Agentic AI

Also known as: AI agents, autonomous AI

Agentic AI describes AI systems that pursue a goal across multiple steps - planning, making decisions, calling tools and APIs, and taking actions - rather than producing a single response to a single prompt. The distinguishing trait is autonomy over a workflow, not just fluency in language.

Agentic AI vs. a chatbot

A chatbot answers a question. An agent is given an objective - reconcile these invoices, qualify this lead, resolve this ticket - and then decides on its own which steps to take, which systems to touch, and when the job is done. It can read from a CRM, write to an ERP, call an external API, and loop until the goal is met, checking its own work along the way.

What makes a system agentic

  • Goal orientation: it works toward an outcome, not a single reply.
  • Tool use: it can call functions, query databases, and trigger actions in real systems.
  • Planning and memory: it breaks a task into steps and carries context across them.
  • Feedback loops: it evaluates results and retries or escalates when something fails.

Where it delivers value

Agentic AI is most useful for multi-step operational work that used to require a person to move data between systems - the connective tissue of revenue and back-office operations. The practical engineering challenge is not the model; it is giving the agent safe, well-scoped access to real systems and clear guardrails on what it is allowed to do.

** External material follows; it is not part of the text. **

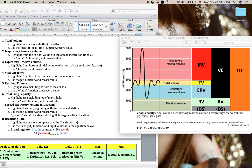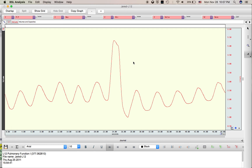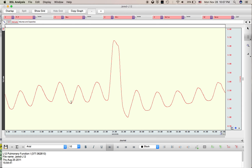Notice that the milliliters begins at zero and we don't have negative values here. This is the table to obtain all of these values. I'm going to open up the BioPak software and show you how to get each of them. This is Lab 12, so if you have the BioPak software downloaded, follow along.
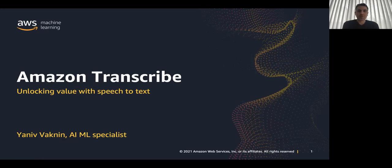Hi, welcome to the ML Short Clips. My name is Yaniv, Machine Learning Specialist at AWS.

Frequently Asked Questions

Is agentic AI the same as a large language model?

No. A large language model (LLM) is the reasoning engine an agent uses, but an agent adds planning, tool access, memory, and the ability to take actions across multiple steps. The model is one component of an agentic system.

Is agentic AI safe to give access to real business systems?

It can be, with the right guardrails: scoped permissions, human approval on high-risk actions, logging, and clear boundaries on what the agent may change. The safety comes from the surrounding engineering, not from the model alone.

What is the difference between agentic AI and automation?

Traditional automation follows a fixed, pre-written path. Agentic AI decides the path at runtime based on the goal and the current state, which lets it handle variation and exceptions that would break a rigid automation.

Put this into practice

We design, build, and deploy AI revenue and operations infrastructure for mid-market firms. See how the concepts on this page work in production.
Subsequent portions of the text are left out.